/BM25

A complete implementation of Okapi BM25 with five evaluation methods (precision, recall, MAP, P at N and NDCG at N), using only standard Python libraries.

Primary LanguagePythonMIT LicenseMIT

BM25

The script bm25.py searches the Cranfield collection using the BM25, with queries supplied by the user. And also it offers 5 evaluation methods (precision, recall, MAP, P at N and NDCG at N) to measure the efficiency; bPref method (Buckley & Voorhees, "Retrieval Evaluation with Incomplete Information", SIGIR 2004) is not provided here since complete relevance judgments are available.

For the first time one runs the script by simply typing python3 bm25.py (and all extra arguments are ignored), a human-readable JSON file called index.json is generated, containing a dictionary with terms and their stemming forms, term vectors, and lengths for each document abstract. From the second times onwards, index.json must exist in the same directory of the script and is used to calculate ranks. Mode can be selected by using the -m option: possible options are manual and evaluation and the default one is manual.

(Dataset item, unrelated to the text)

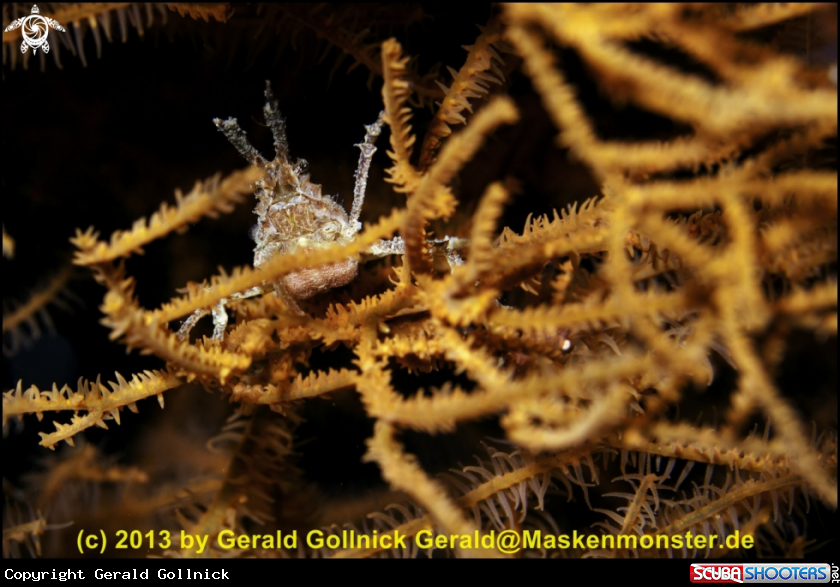 A underwater creature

Selecting evaluation will run and evaluate results for all queries in the cran.qry file. Also, in evaluation mode, an output file of BM25 evaluation results is created supposing -o option is present; the default value is evaluation_output.txt if no specific file name is given. For each query, there are exactly MOST_RELEVANT results to be returned. Each line in this text file has three fields, separated by spaces, as follows:

  1. Query ID.
  2. Document ID.
  3. Rank (beginning at 1 for each query).

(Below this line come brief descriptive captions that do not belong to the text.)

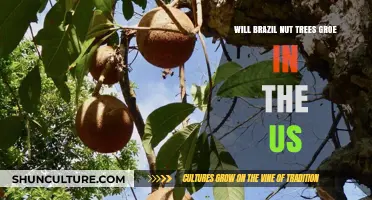 Can Brazil Nut Trees Thrive in US Climates? Exploring Growth Potential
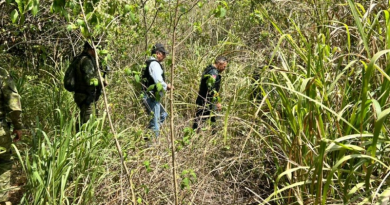 Novo Projeto - 2025-10-28T111641.255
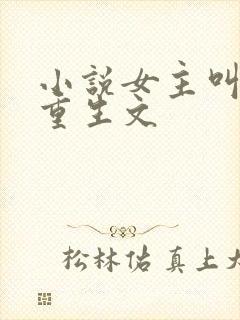 小说女主叫沈棠重生文封面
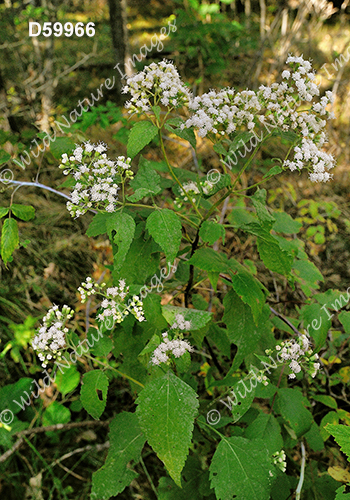 Ageratina altissima (White Snakeroot, Eupatorium rugosum)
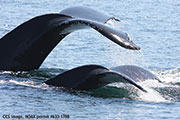 whale tails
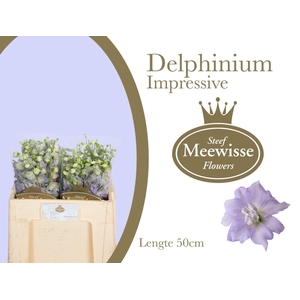 DELPH EL DEWI IMPRESSIVE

And selecting manual will allow users to type queries from keyword until a stop word "QUIT" is entered or KeyboardInterrupt exception is raised. And in manual mode, the script maintains a buffer for typing history, which allows user to use arrow keys to browse history for current session. For each query, at most top MOST_RELEVANT relevant documents are printed. Type python3 bm25.py -h for more help information.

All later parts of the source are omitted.